With pictures left out, only the lines from the one containing "JK PAPER CEDAR" through the end of the records should be reproduced exactly, please.

Image-text web data
Segment Open

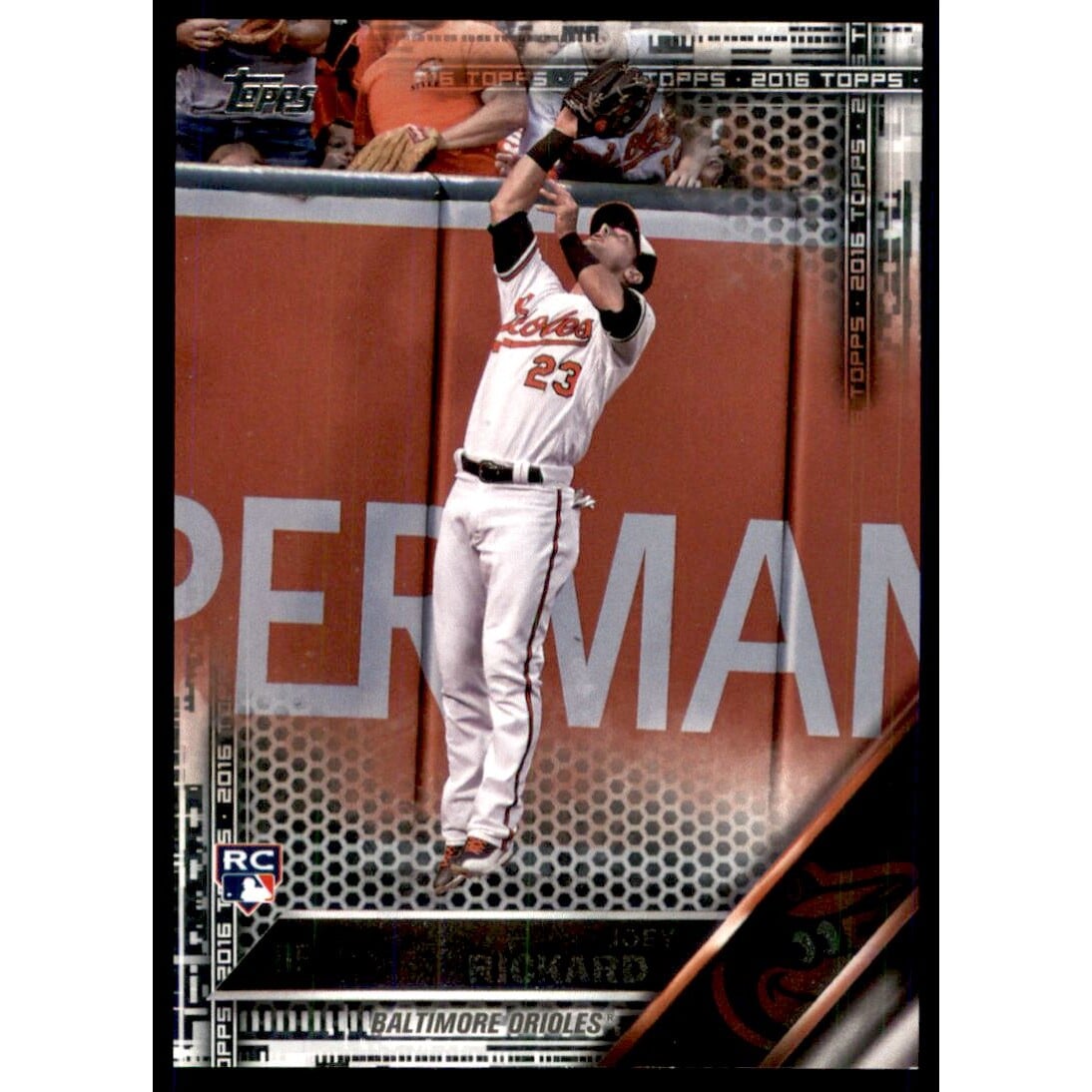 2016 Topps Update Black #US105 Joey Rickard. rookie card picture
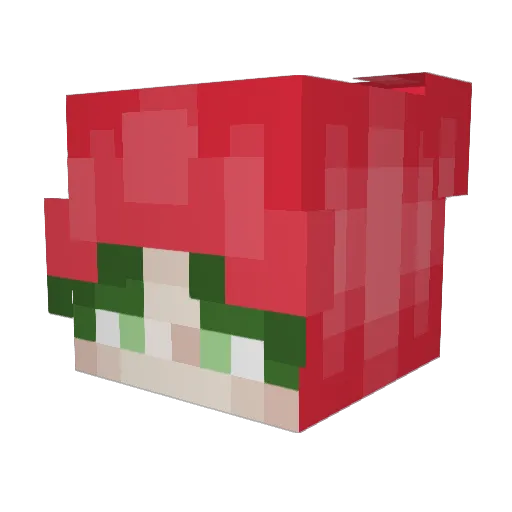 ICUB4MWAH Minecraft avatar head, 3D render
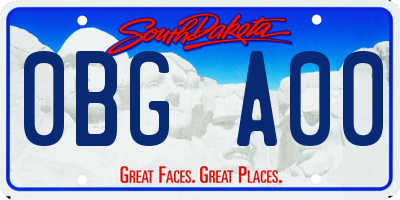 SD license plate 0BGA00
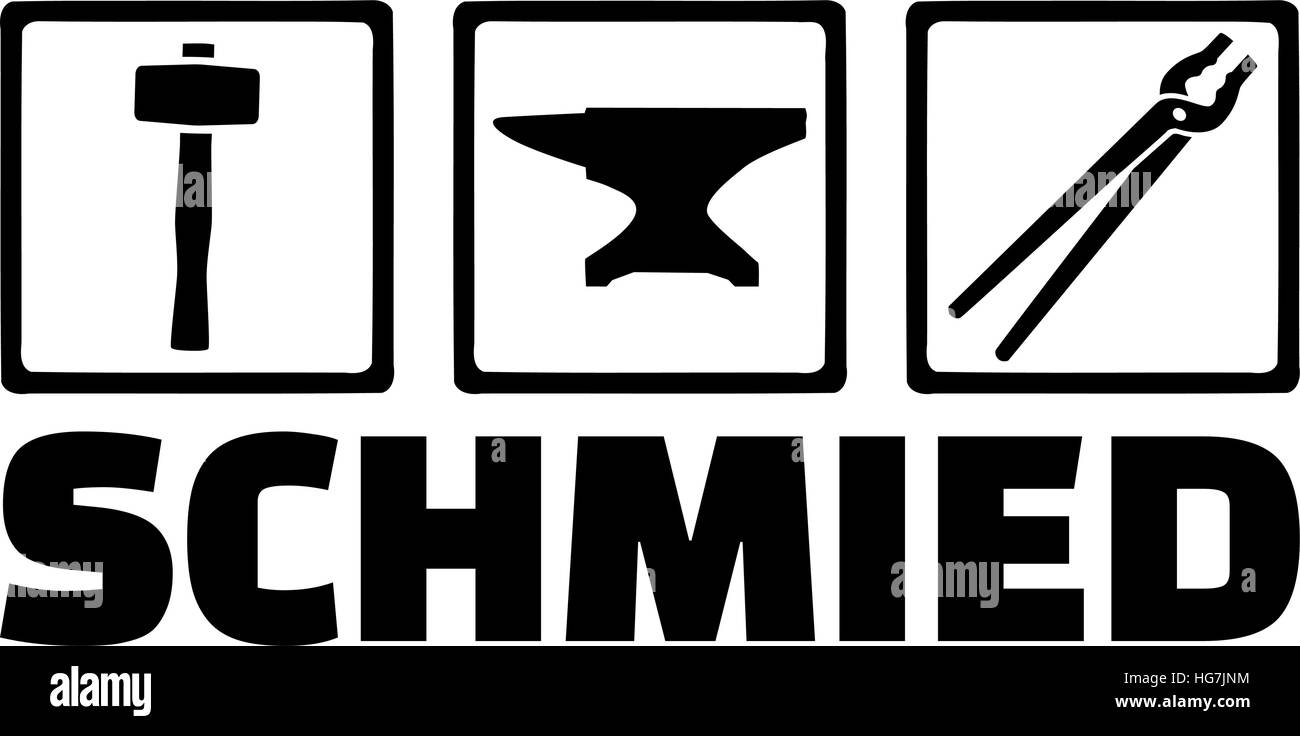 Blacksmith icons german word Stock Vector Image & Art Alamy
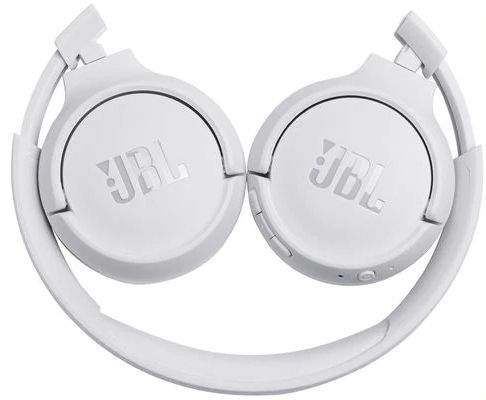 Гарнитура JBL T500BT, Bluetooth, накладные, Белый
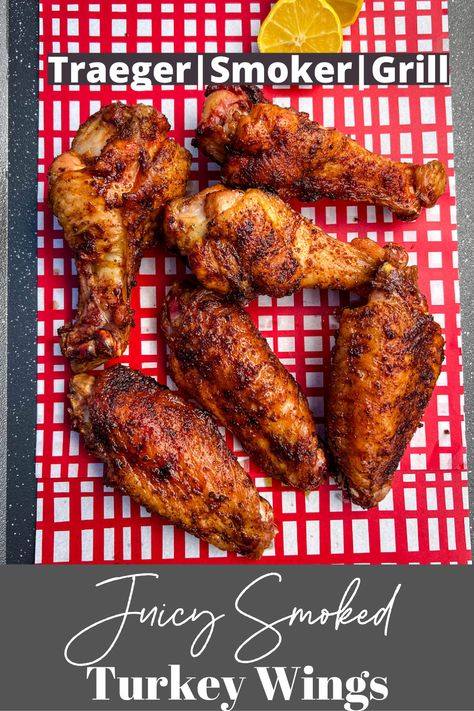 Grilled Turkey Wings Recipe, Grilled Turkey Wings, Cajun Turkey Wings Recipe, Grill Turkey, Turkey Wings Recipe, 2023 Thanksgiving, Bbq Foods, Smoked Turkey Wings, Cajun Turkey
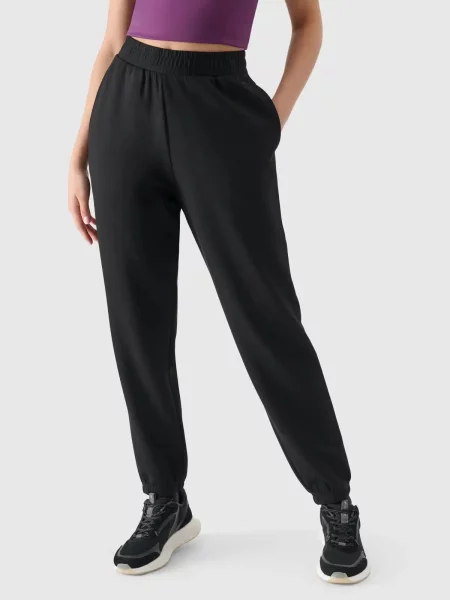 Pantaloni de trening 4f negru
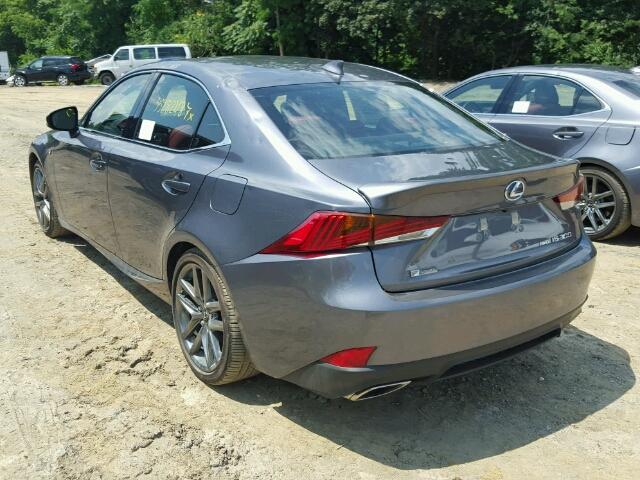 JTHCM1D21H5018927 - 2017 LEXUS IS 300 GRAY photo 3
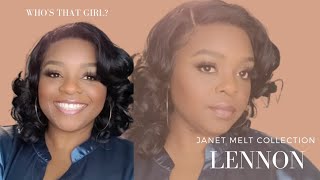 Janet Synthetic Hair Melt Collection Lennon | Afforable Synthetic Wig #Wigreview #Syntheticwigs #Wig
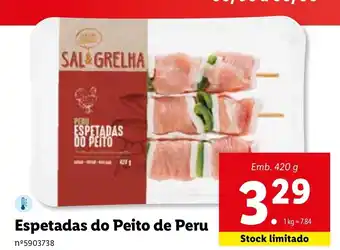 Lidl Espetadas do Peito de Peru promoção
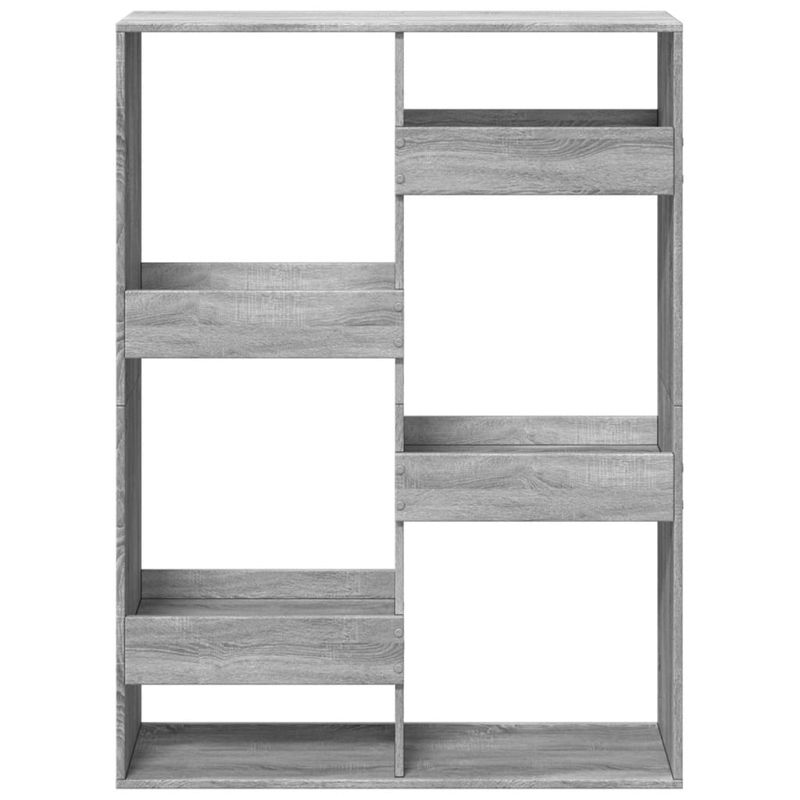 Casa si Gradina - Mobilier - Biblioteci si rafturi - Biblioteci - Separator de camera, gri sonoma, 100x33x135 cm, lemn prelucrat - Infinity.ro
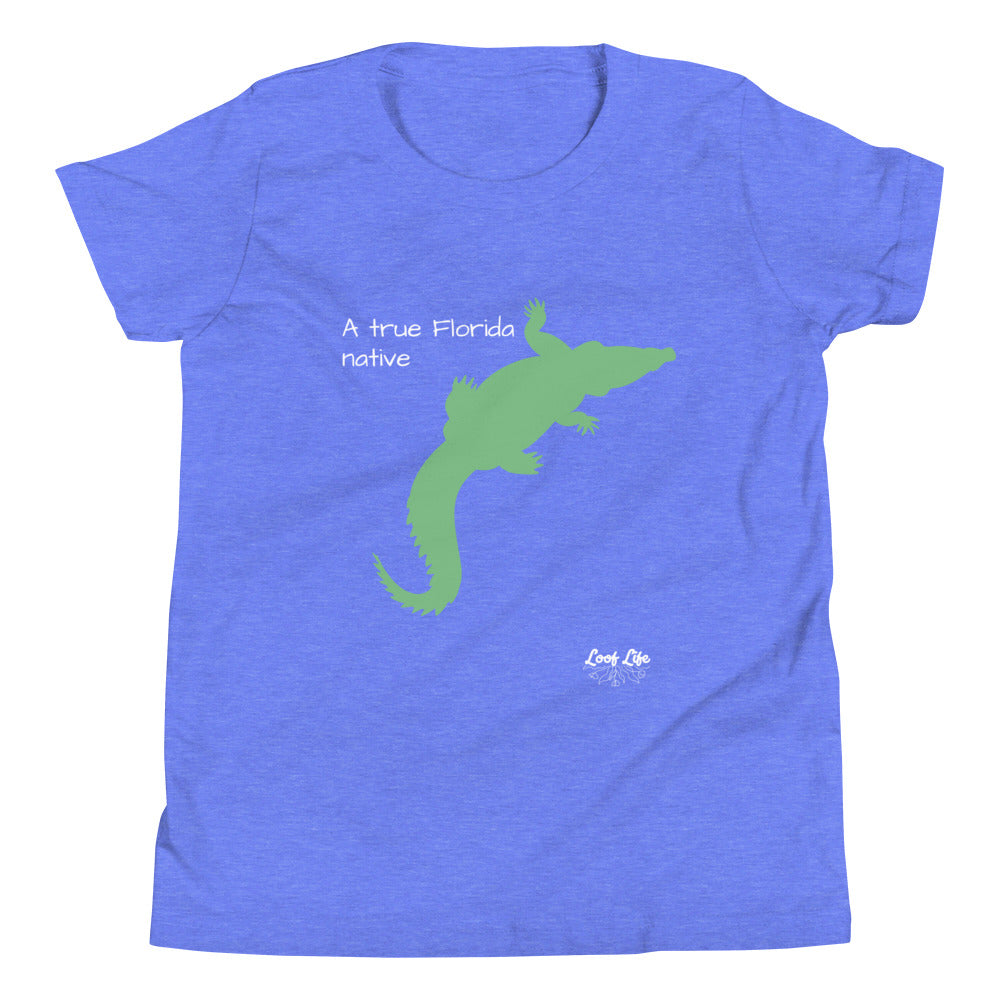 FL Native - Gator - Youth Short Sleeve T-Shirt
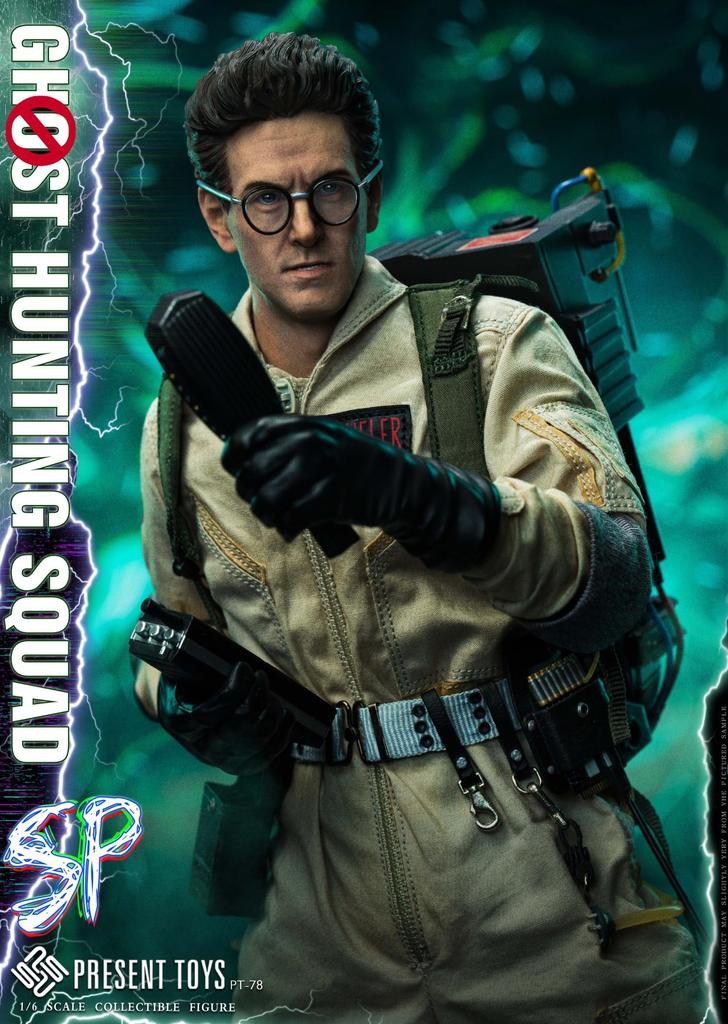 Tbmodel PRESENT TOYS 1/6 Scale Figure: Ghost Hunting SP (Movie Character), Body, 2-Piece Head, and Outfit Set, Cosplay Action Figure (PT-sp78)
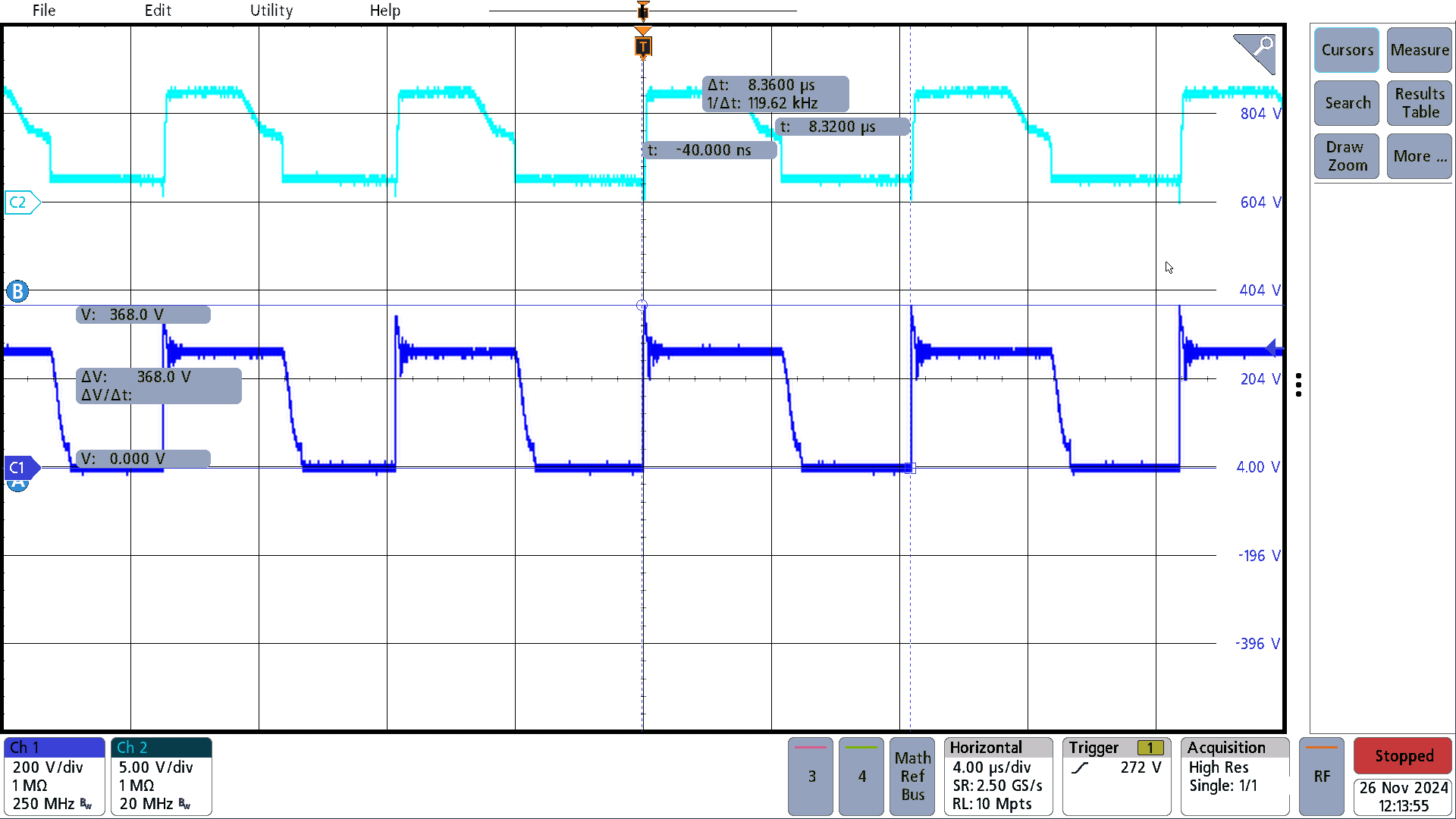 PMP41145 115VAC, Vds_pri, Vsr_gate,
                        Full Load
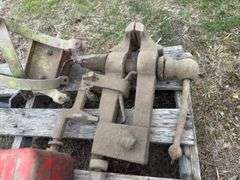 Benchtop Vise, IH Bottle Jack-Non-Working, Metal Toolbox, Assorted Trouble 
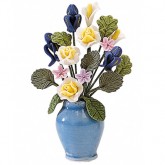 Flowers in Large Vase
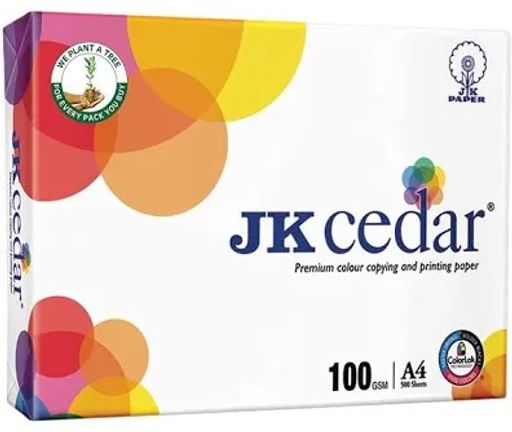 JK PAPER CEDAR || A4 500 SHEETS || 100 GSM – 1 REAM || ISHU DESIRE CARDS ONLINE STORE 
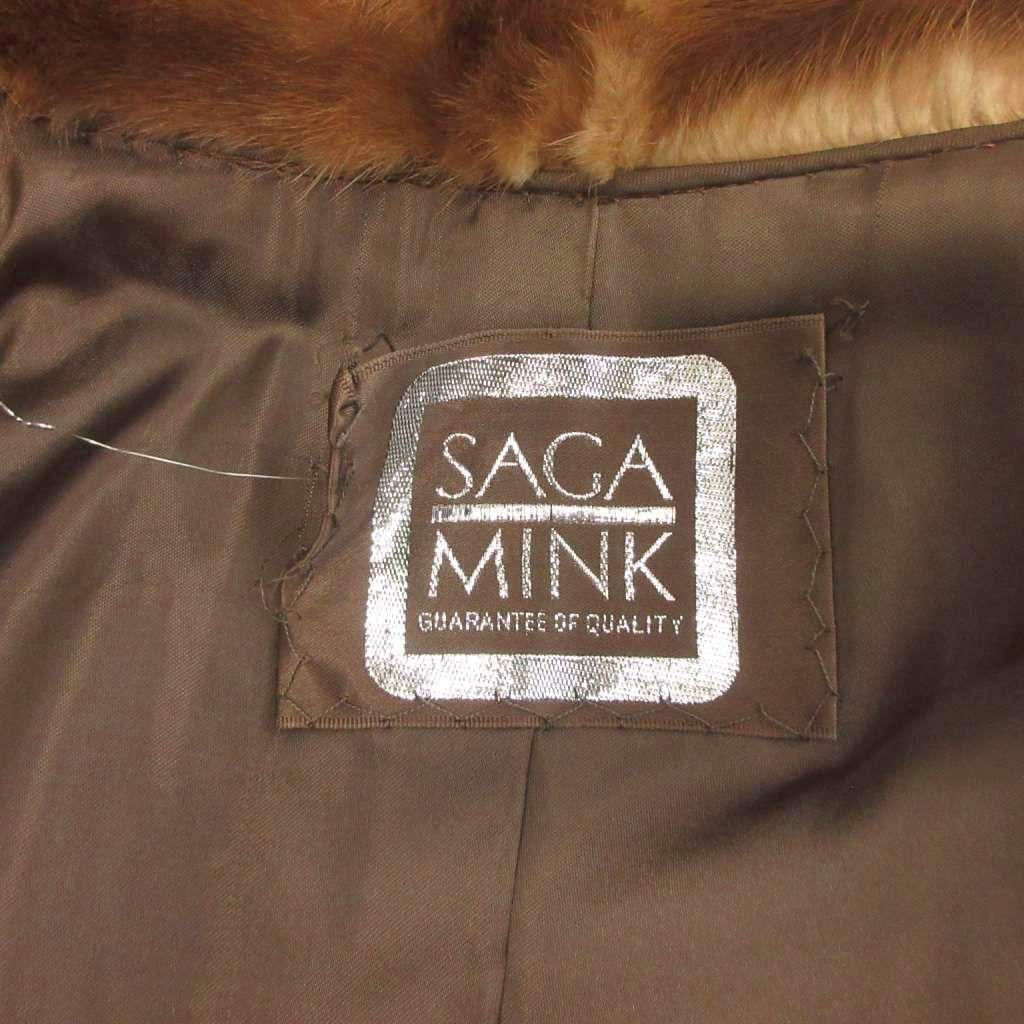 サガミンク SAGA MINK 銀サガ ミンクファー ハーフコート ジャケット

Segment Closed

— SOLUTION TO THE PROBLEM —
 JK PAPER CEDAR || A4 500 SHEETS || 100 GSM – 1 REAM || ISHU DESIRE CARDS ONLINE STORE 
 サガミンク SAGA MINK 銀サガ ミンクファー ハーフコート ジャケット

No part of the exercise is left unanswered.